It looks like a decision on whether Shelburne will be getting giant letters may be coming earlier than some expected.

“It really, to me, just doesn’t fit the small town’s community feel and the charm that we’re trying to establish within the downtown core,” remarked Shelburne’s Councillor Kyle Fegan on the proposed project.

At Shelburne’s council meeting on May 31, Councillor Fegan made efforts to have the council halt the considerations of including additional lettering and signage in the redevelopment of Jack Downing Park. This follows some residents of the town voicing criticisms of the proposal. Comments posted to Facebook mention that this shouldn’t be a council ‘priority,’ there are better uses for the money that would be dedicated to the project, and the monument isn’t suitable to the park or the town.

Some just think it’s a bad idea. 

“The community has expressed severe concerns regarding this on social media, all over the place,” declared Councillor Kyle Fegan.

At the previous council meeting, Shelburne council last resolved to review the matter further and to have staff produce concept drawings showing different sizes and layouts of signage. These renderings could include variations of park placement and short-forms of the town’s name. Councillor Walter Benotto shared concerns with the size of the signage and how much of a footprint it would have on Jack Downing Park’s limited space.

“When I proposed the sign of Shelburne in the front, I wasn’t thinking we would have seven-foot-tall letters sitting there as that would obscure the park almost completely,” contended Councillor Benotto.

According to the staff report, the letters at Nathan Phillips Square are 9.8 feet tall, with the entire design spanning 72 feet. Toronto’s sign can be controlled via wi-fi and create approximately 228 million combinations of colour. The replacement costs for the monument, experienced in September 2020, were roughly $760,000. Collingwood’s sign, a more modest construction of the giant letter concept, was also shown in the document.

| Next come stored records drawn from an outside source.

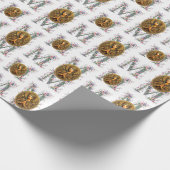 ゴールデンオシャスヴァージンメアリー ラッピングペーパー (角)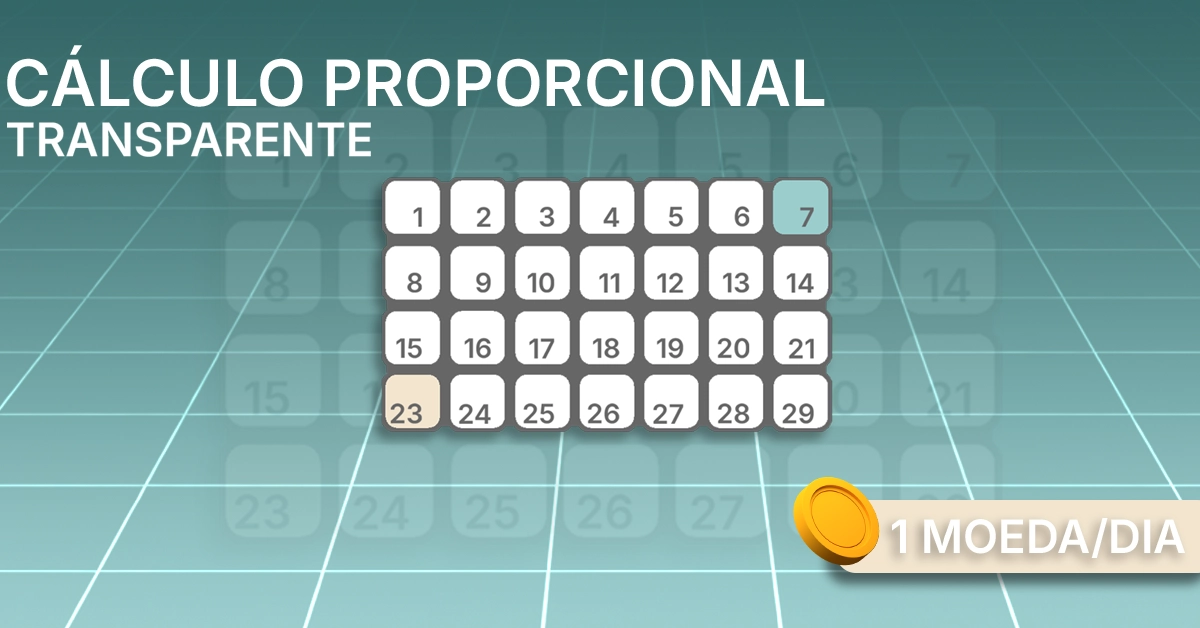 Ilustração simples mostrando blocos de calendário e um indicador de preço por moeda/dia. Infográfico neutro sugerindo preços por dia e transparência; -agnóstico.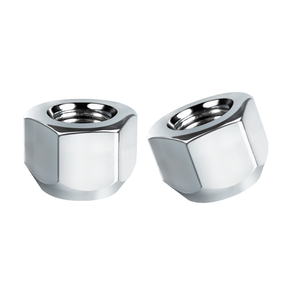 Nouveau <span class=keywords><strong>19</strong></span> Hex 16mm M12x1.5 1/2-20 Écrou de roue hexagonal chromé - Product Image 3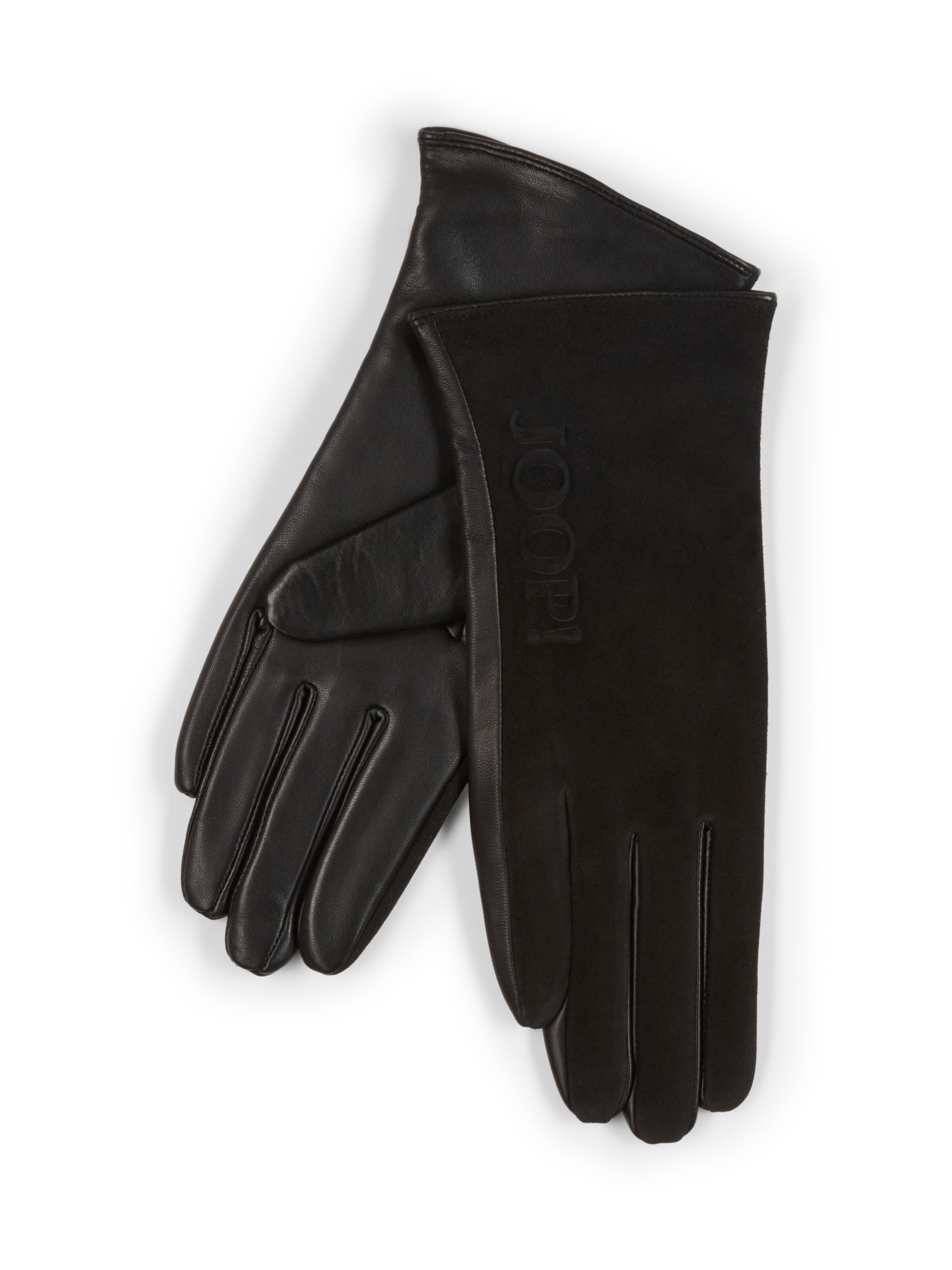 JOOP! Fingerhandschuhe in Schwarz: Vorderseite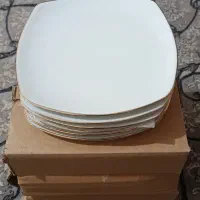 بشقاب میوه خوری چینی آراد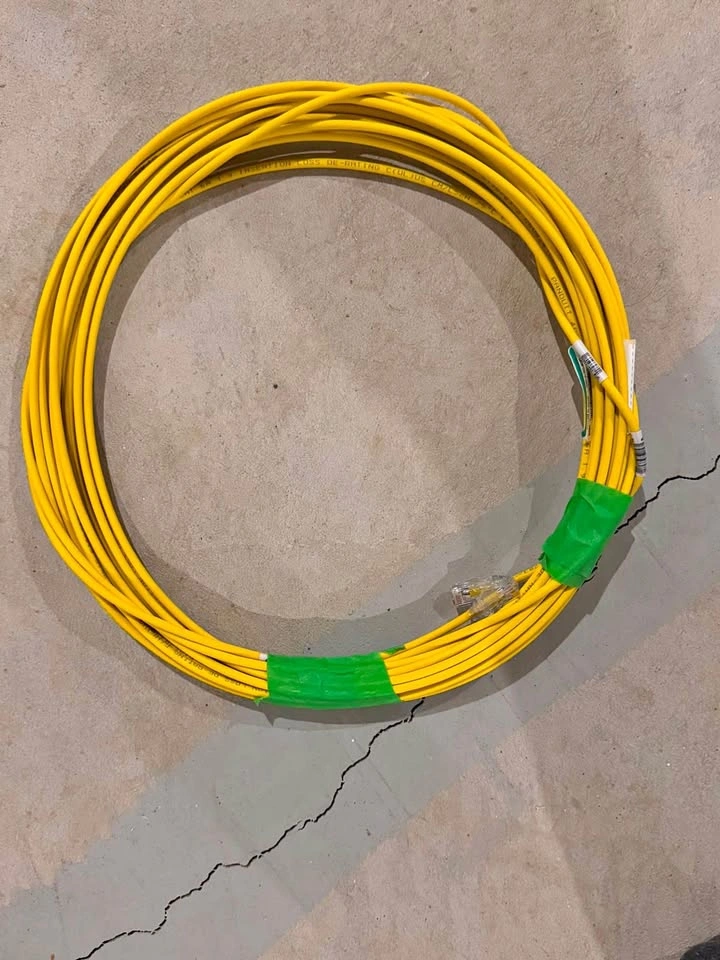 25 ft Cat6 Ethernet Network Cable
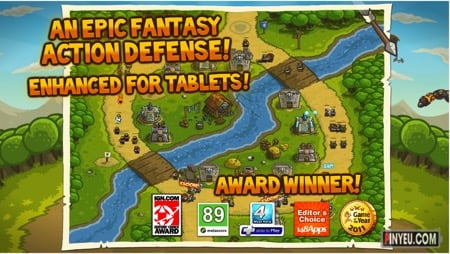 tai kingdom rush apk cho android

“I don’t feel that this is the appropriate time for spending this kind of money,” asserted Fegan.

Councillor Fegan explained that his comments during the Jack Downing conversation regarding not increasing any costs included whatever was required for the ‘light-up sign.’ It was emphasized that he did not want to ‘railroad the other important work that has to be down with Jack Downing,’ so he did not push the issue at the time.

At first, the councillor revealed intentions just to provide notice of the motion. When it came time to read the motion into the record, Fegan changed his request to have the council immediately consider removing the proposed lettering for Jack Downing Park.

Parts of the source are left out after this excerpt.